Assim como nas cápsulas anunciadas no início deste mês pela Nescafé Dolce Gusto, outra marca da Nestlé, uma fina camada de biopolímero compostável dentro do papel vai selar o café para mantê-lo fresco.


Le Cunff explicou que as novas cápsulas da Nespresso podem ser usadas nas máquinas existentes, mas não substituirão as atuais de alumínio. Elas oferecerão uma "alternativa" para quem quiser compostá-las em vez de enviá-las para pontos de reciclagem ou devolvê-las às lojas.


"É um complemento. O objetivo é oferecer uma escolha", destacou.

Foram necessários três anos de pesquisa e até 28 protótipos para encontrar o modelo certo.


"Tínhamos que criar cafés que funcionassem com essa embalagem. Enquanto os engenheiros trabalhavam na embalagem, nossos especialistas em café desenvolviam novos cafés, trabalhando na torrefação e moagem", explica o CEO.


Chegam tarde?

Com vendas de 6,4 bilhões de francos suíços (6,45 bilhões de dólares) em 2021, a Nespresso é a segunda marca de café do mundo, atrás apenas da Nescafé, e a primeira no mercado na Europa Ocidental, segundo os pesquisadores de mercado da Euromonitor International.


"A Nespresso continua sendo líder no segmento de café em porções.
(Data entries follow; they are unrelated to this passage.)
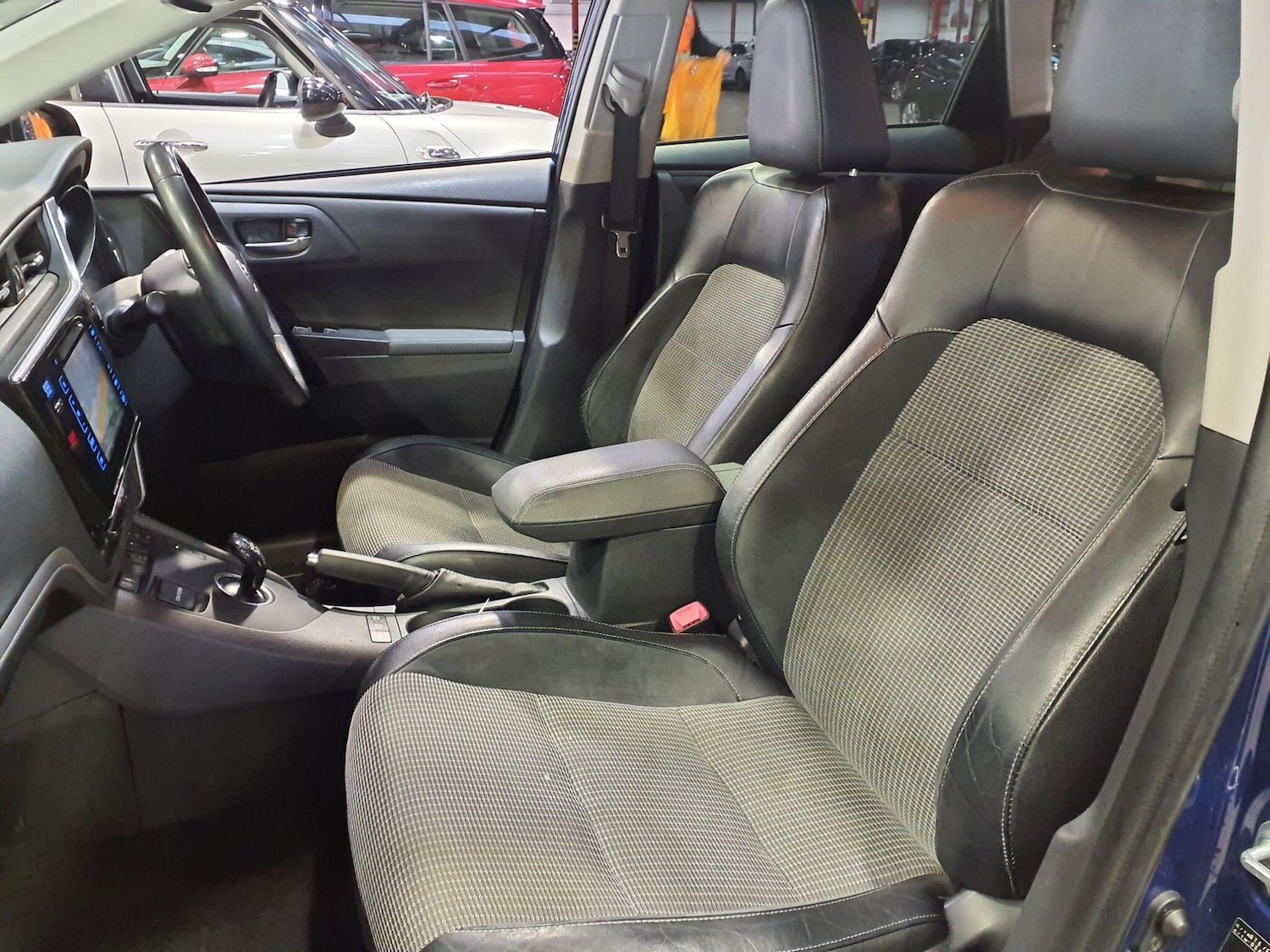 Used Toyota Auris 2016 for sale - 77130589: Photo 8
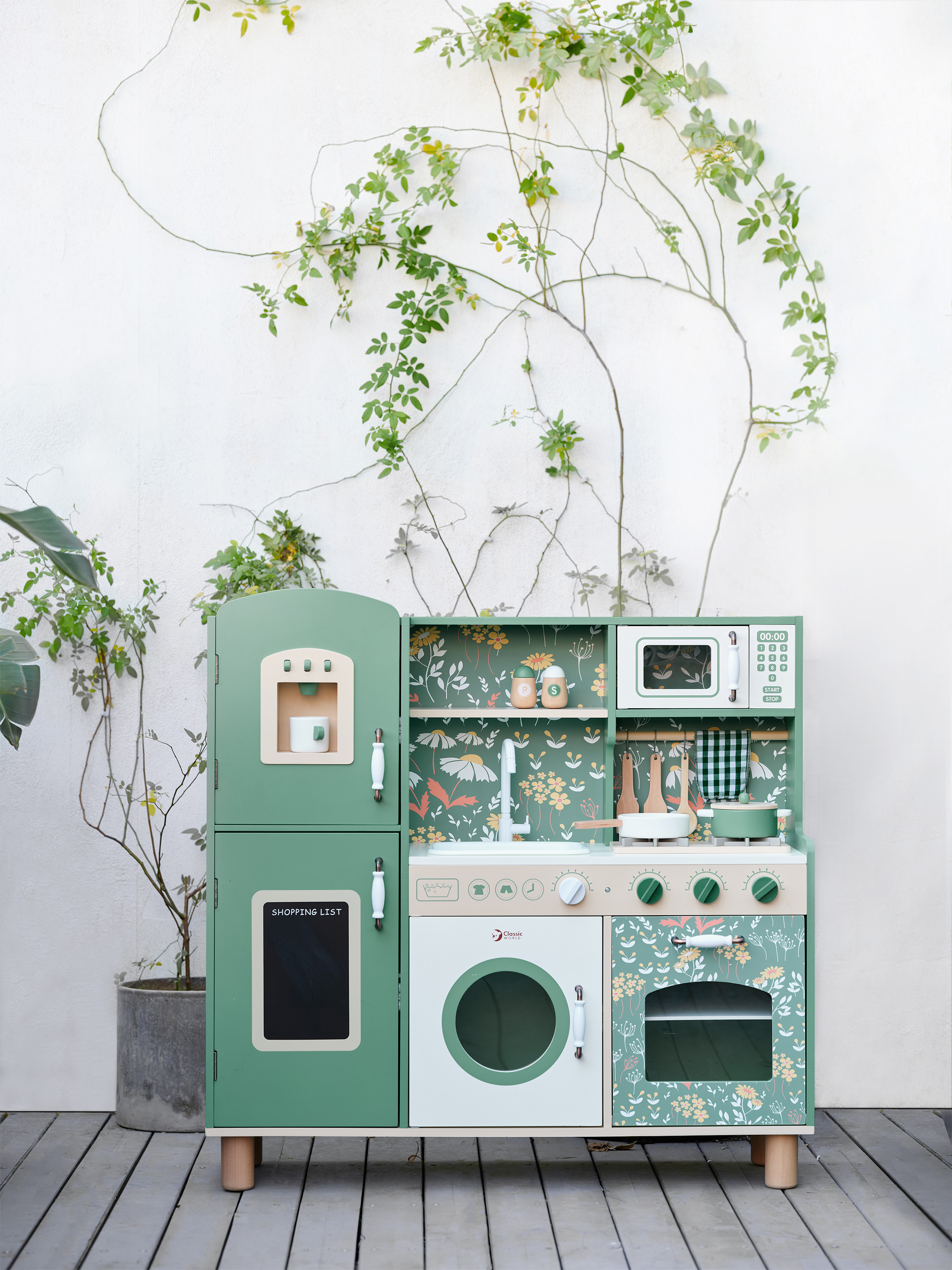 Green vintage kitchen 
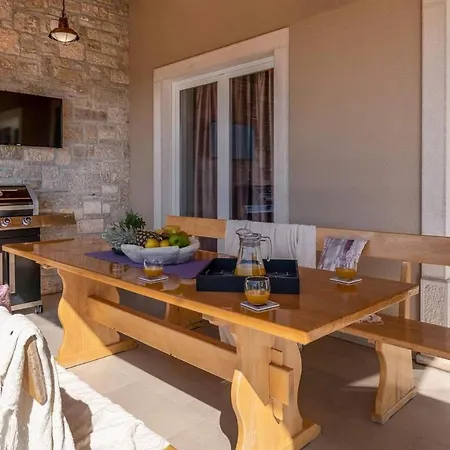 Bellavista Radmani Holiday home *
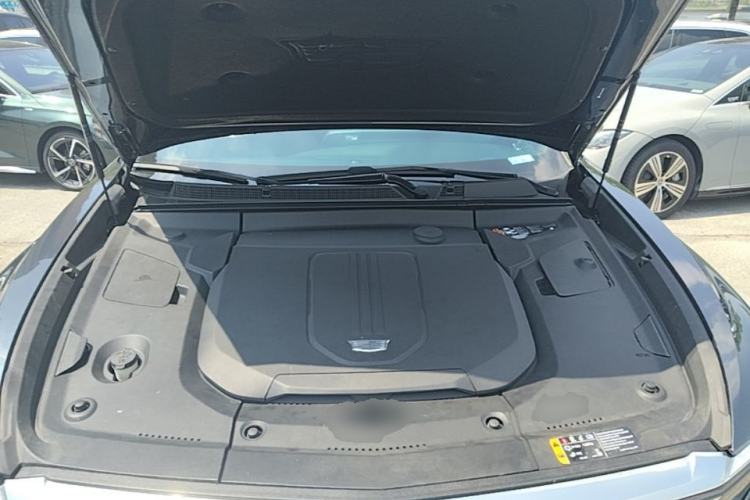Used Cadillac LYRIQ 2024 Rear-Drive Standard Range Luxury Edition Engine Bay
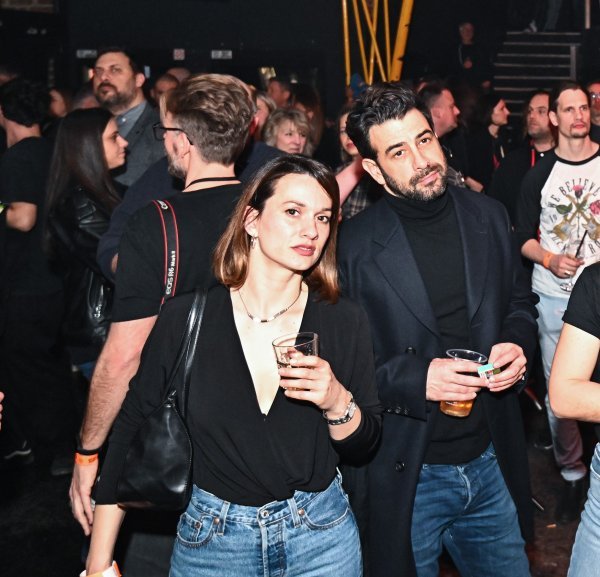 Lovorka Sršen s Jankom Popovićem Volarićem na dodjeli Rock&Off nagrada u Tvornici kulture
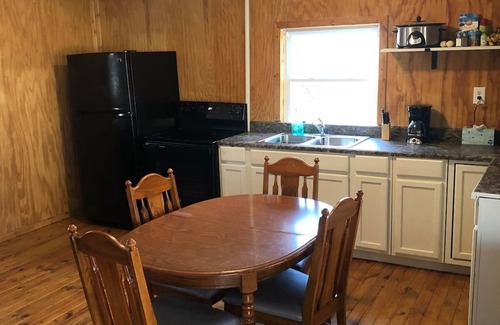 Stockdale Cabin | Secluded 2 bedroom cabin near Lake Jackson.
No entanto, agora tem mais concorrência", disse à AFP Jon Cox, analista do setor na empresa de serviços financeiros Kepler Cheuvreux.


Outras marcas, como a americana Keurig, já seguiram o caminho das cápsulas compostáveis.

Em setembro, a maior distribuidora suíça, a Migros, apresentou bolas de café compactado 100% compostáveis, cobertas por uma fina camada de algas marinhas. A rede de supermercados lançou as cápsulas Coffee B, que exigem máquina própria, na Suíça e na França, um dos principais mercados da Nespresso, e as levará para a Alemanha no ano que vem.


A empresa destacou justificativas ambientais, garantindo que as cápsulas tradicionais de alumínio geram 100 mil toneladas de resíduos por ano, dos quais a maioria acaba não sendo reciclada.

Receios ambientais

Lançadas em 1986, as cápsulas Nespresso revolucionaram o consumo de café na Europa ao permitir fazer um café expresso em casa.


O sucesso levou marcas rivais a tentar tirar proveito e deu origem a acirradas batalhas judiciais para tentar impedir a chegada de cápsulas compatíveis com suas máquinas.

Agora, grupos ambientalistas acompanham com cautela essa nova batalha pelo mercado de compostáveis.


Para Florian Kasser, especialista em consumo e economia circular do Greenpeace Suíça, essas alternativas são "um pequeno passo à frente". No entanto, "o problema dessas inovações é que dão a impressão de que podemos consumir café sem nenhum tipo de inconveniência ambiental", afirmou à AFP.


Para Kasser, esta é a "direção errada". Como a carne ou os laticínios, o café é um produto "com uma pegada econômica muito ruim", por isso seria melhor "reduzir o consumo", opinou.


Larissa Copello, da ONG Zero Waste, também teme que "os consumidores deduzam erroneamente que, se 'pode ser compostado no meu jardim, também pode se degradar na natureza'", com risco de gerar mais lixo, alerta.


Le Cunff garantiu que a Nespresso vai formar um grupo de interesse que reúna entidades públicas, empresas, ONGs e catadores de lixo para melhorar o conhecimento público sobre a compostagem.